Repl.it Clone

Browser can't run different types of code (eg. C++ or Rust or Go etc.) directly under the hood. It can use something like WebAssembly but it does not scale very well and also does not support all packages for all languages. This is what repl.it solves. It runs the code on the server and sends the output back to the browser.

Why is building repl.it hard ?

Remote code execution

Allowing users to execute any code on the server presents a significant security threat. It's crucial to implement a sandbox environment for code execution to mitigate this risk.

Long running processes

Resources are allocated for code execution and must remain so until the user explicitly stops the process or disconnects from the server. If not managed correctly, this could lead to substantial resource depletion.

Shell access inside browser

Implementing a shell-like interface within a browser is a complex task. It involves several potential challenges such as transmitting code to the server, retrieving and displaying the output with appropriate syntax highlighting, managing errors, and ensuring security measures are in place (for instance, preventing users from executing commands like rm -rf /).

File Storage

It's essential to securely and efficiently store all user-generated files. This process involves managing file permissions to ensure users can only access their personal files, offering a method for users to retrieve their files, and maintaining file persistence even after the user session ends.

Architecture of our `repl.it clone v1`

Storing Initial Code Templates

Upon visiting the website, users are presented with a code editor pre-populated with default code corresponding to their chosen language or framework. This initial code is stored in an object storage service (like S3) and is retrieved when the user accesses the website.

For example, base_go_code is used for the Go language, base_python_code for Python, and base_react_code for a React project.

Environment Setup and Initial File Transfer

The base code is transferred to a server where necessary dependencies are installed.

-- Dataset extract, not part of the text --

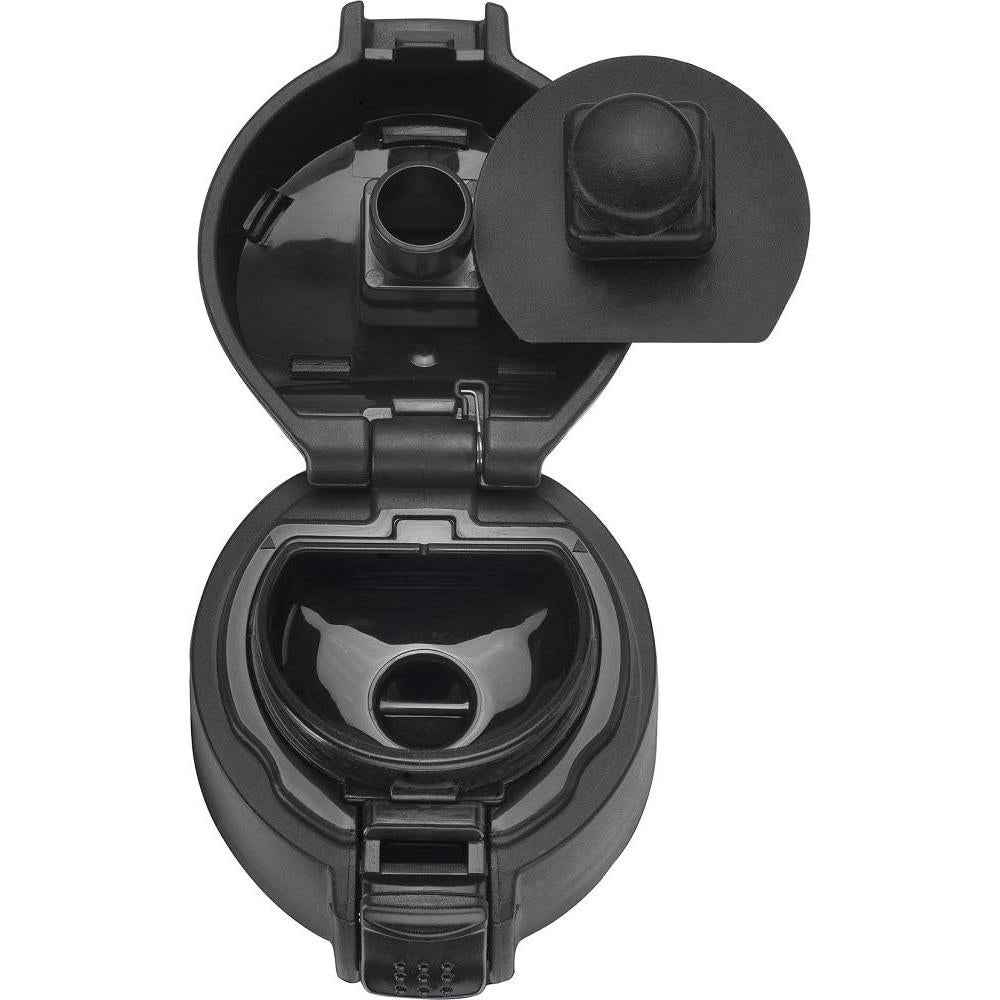 Taza de Viaje Zwilling Thermo 450ml Acero Inoxidable Negra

For instance, a React project would require a setup with Node.js and React of appropriate versions. The root directory's contents are then sent to the user's browser, but only the top-level files and directories. Files within a directory are not immediately sent; they are transferred when the user opens the directory. Similarly, when a user double-clicks a file to open it, its contents are sent to the user's browser. This process is known as lazy loading.

Why lazy loading?

This approach reduces the amount of data sent to the user's browser, improving performance and reducing latency. It also allows for a more efficient use of resources on the server, as only the necessary files are transmitted.
Lazy loading also allows for collaboration features, as changes made by one user are immediately sent to the server and then broadcast to all other users connected to the same environment.

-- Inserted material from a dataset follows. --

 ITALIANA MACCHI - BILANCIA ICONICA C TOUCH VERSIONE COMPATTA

Real-time Changes and Persistence

Any modifications made by the user in the browser-based IDE are sent to the server via a websocket connection. However, only the differences, i.e., the changes made by the user, are transmitted. The server then applies these changes to the file in its file system. These files are also debounced to an object storage service (like S3) to ensure persistence even if the server crashes or restarts.

What/Why debouncing?

Debouncing is a technique used to limit the rate at which a function is called. In this context, it ensures that the changes made by the user are not sent to the object storage service too frequently, reducing the number of write operations and improving performance.
Debouncing also helps prevent data loss in case of network issues or server crashes. By batching changes and sending them at intervals, the likelihood of losing user modifications is minimized.

Cleaning Up

When a user disconnects from the server or explicitly stops the process, the server cleans up the resources allocated for that user. This includes:

Stopping the process executing the code
Flushing any changes made by the user to the object storage service
Removing the user's files from the server

Limitations & how to overcome them

Rudimentary Terminal

The v1 of our repl.it clone will have a basic terminal-like interface that allows users to execute commands. This interface will be limited to a predefined set of commands, such as ls, cd, cat, and echo. This limitation is imposed to prevent users from executing potentially harmful commands. In v2 we explore pseudo-terminal implementations to provide a more comprehensive terminal experience.

Limited Scalability

All users share the same server in v1, which can lead to performance issues and resource contention. In v2, we will explore containerization technologies like Docker to isolate users' environments and improve scalability and nix-based package managers to install dependencies efficiently.

Port Conflicts

Since all users share the same server in v1, port conflicts can arise when multiple users run code that requires the same port (eg - React application requiring port 3000). In v2, we will explore port forwarding techniques to dynamically assign ports to users' processes and avoid conflicts.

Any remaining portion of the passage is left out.